For a bearing-bearing intersection from point P₁ along azimuth α₁ and point P₂ along azimuth α₂, write E₁ + t·sin α₁ = E₂ + u·sin α₂ and N₁ + t·cos α₁ = N₂ + u·cos α₂, then solve the 2×2 system for the unknown distances t and u. If sin α₁·cos α₂ − cos α₁·sin α₂ = 0, the directions are parallel and no unique intersection exists — a condition worth checking before grinding through algebra.

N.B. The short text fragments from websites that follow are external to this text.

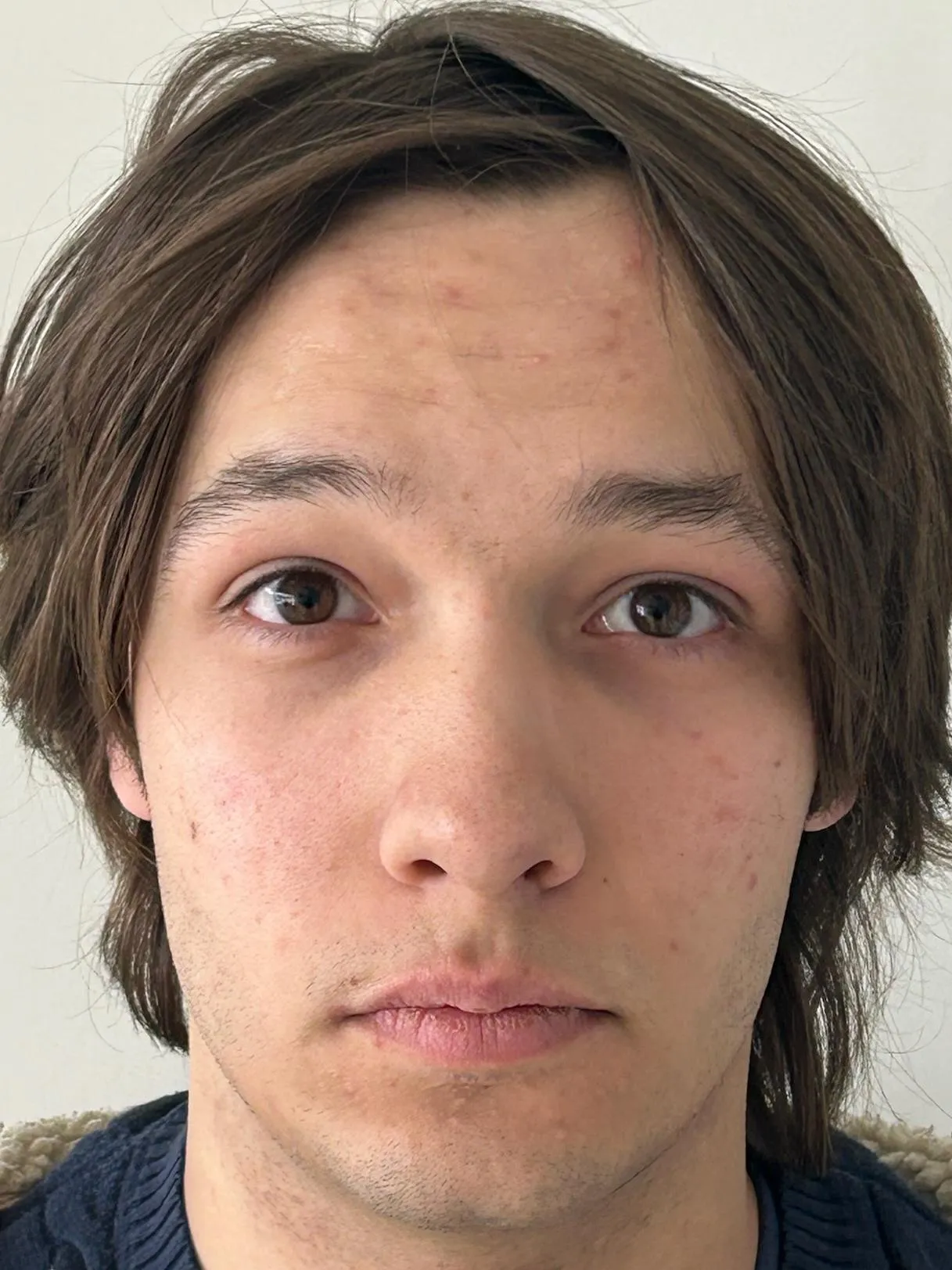 Registry photo of Sean Matthew Radford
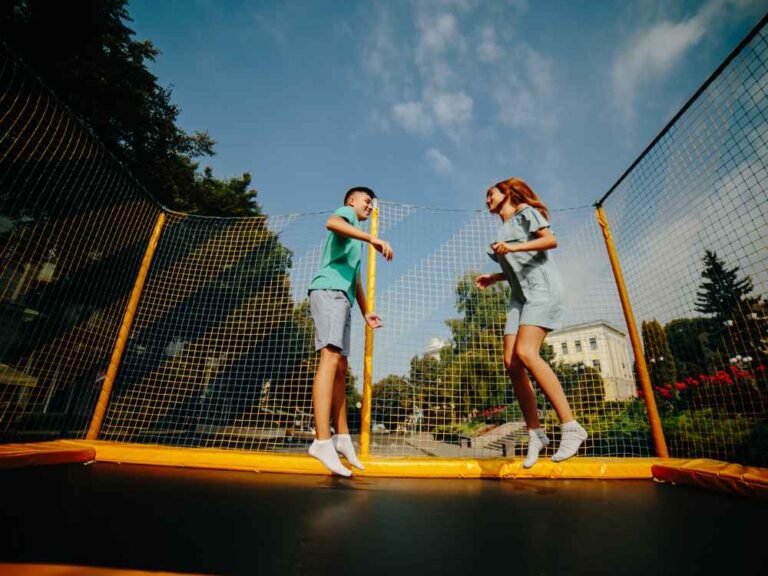 Trampoline Classes for Adults: Elevate Your Fitness Routine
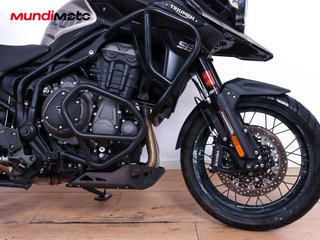 TRIUMPH TIGER 1200 DESERT EDITION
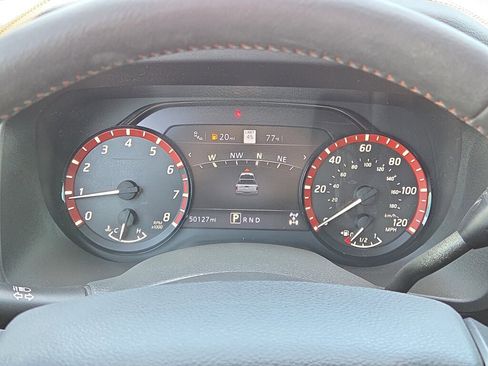 Used 2020 Nissan Titan PRO-4X w/ Pro-4x Convenience Package AWD/4WD image 23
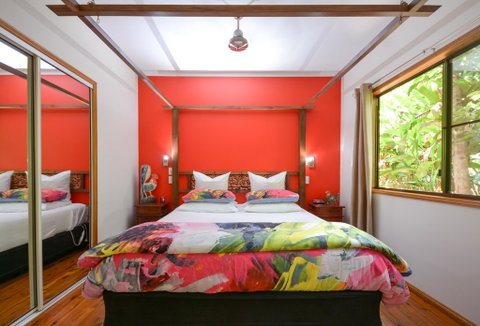 Crater Lakes Rainforest Cottages - Tourism Gold Coast 0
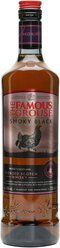 Famous Grouse Smoky Black Blended Scotch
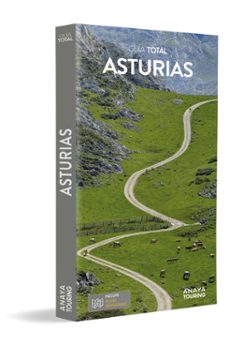 asturias 2025 (5ª ed.) (guia total)-anton pombo rodriguez-9788491587095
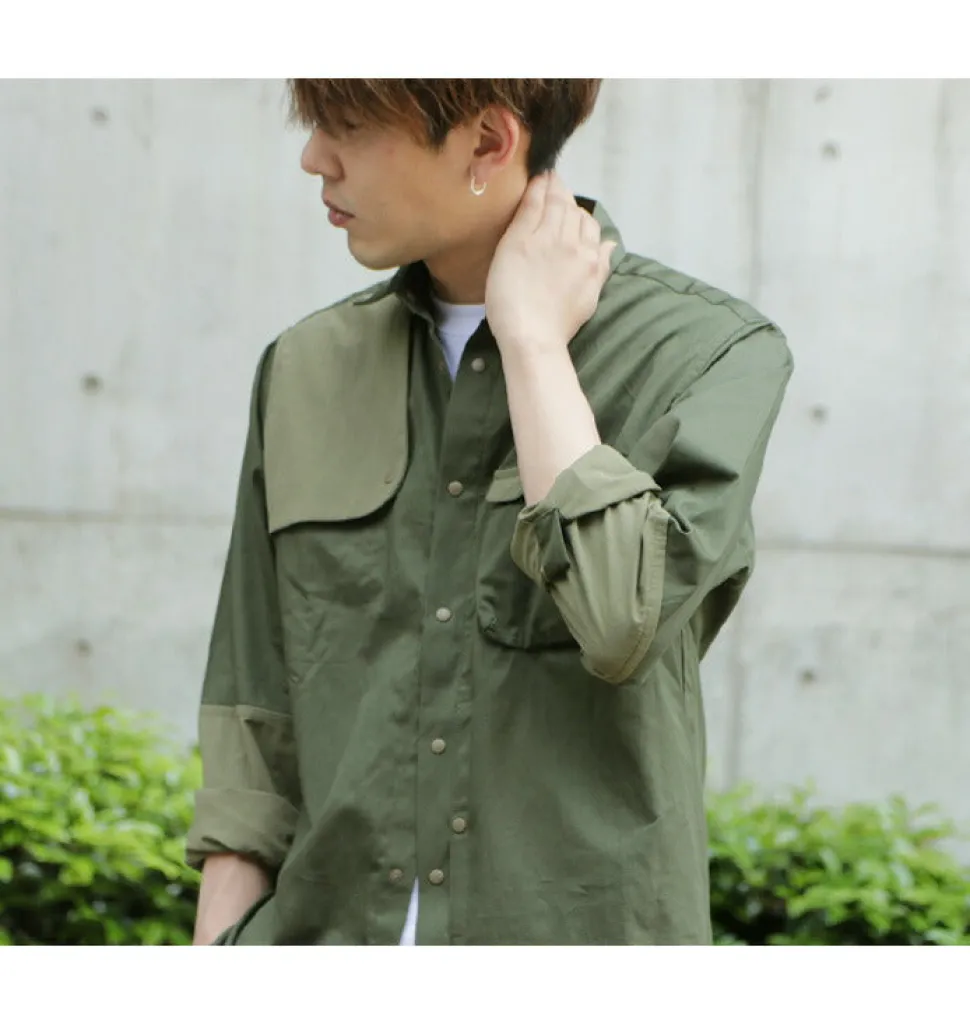 RAG / City Hunting Shirt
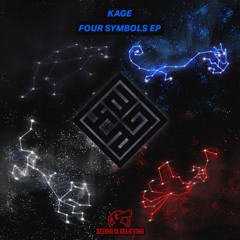 Kage - Azure Dragon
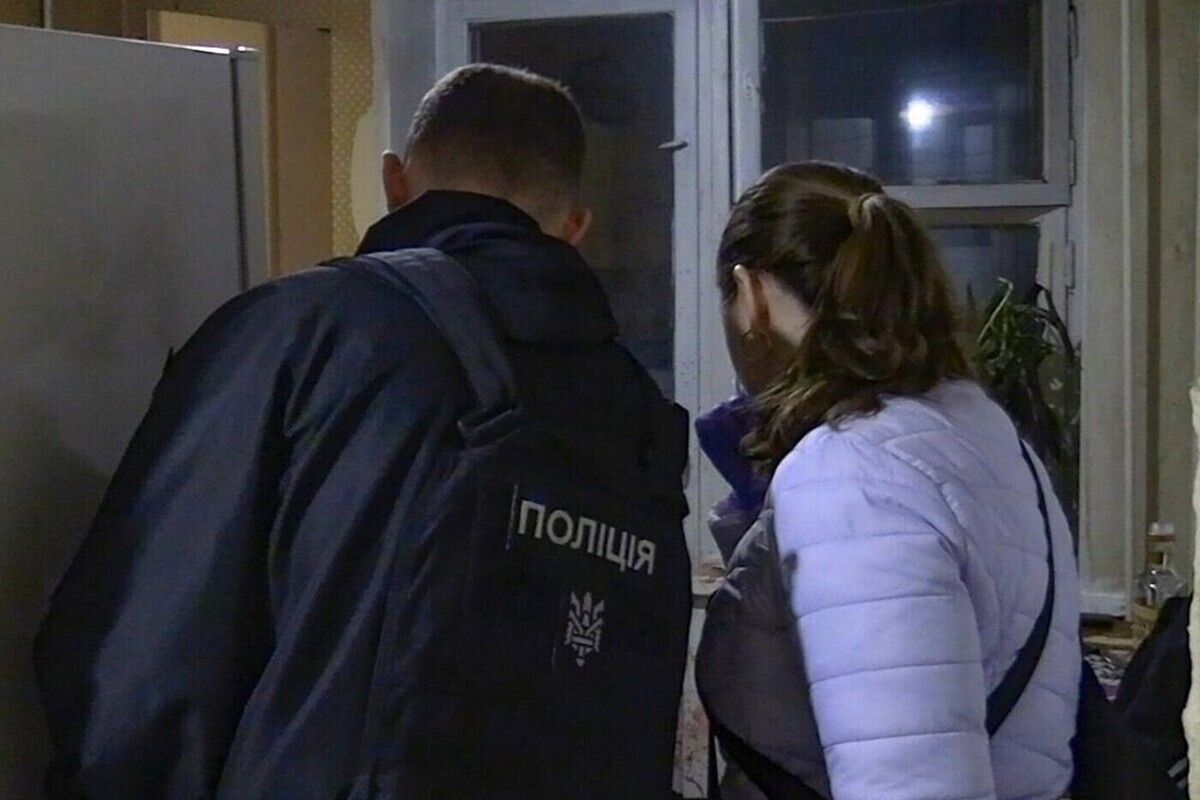 В Киеве произошла жестокая поножовщина из-за русской музыки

Reasonableness is mandatory. Several quick checks catch gross errors before they reach a plat:

• A computed distance should be positive; a negative t means the intersection lies behind the starting point, so re-examine the azimuths.
• An azimuth must land in 0°–360°; add 360° to a negative result.
• A departure and latitude must carry signs consistent with the quadrant of the azimuth (NE +/+, SE +/−, SW −/−, NW −/+).
• A parcel area should agree with a rough length-times-width estimate to within a sensible margin.

These sanity checks are not optional polish; on the FS exam they distinguish a transposed-coordinate blunder from a correct answer in seconds.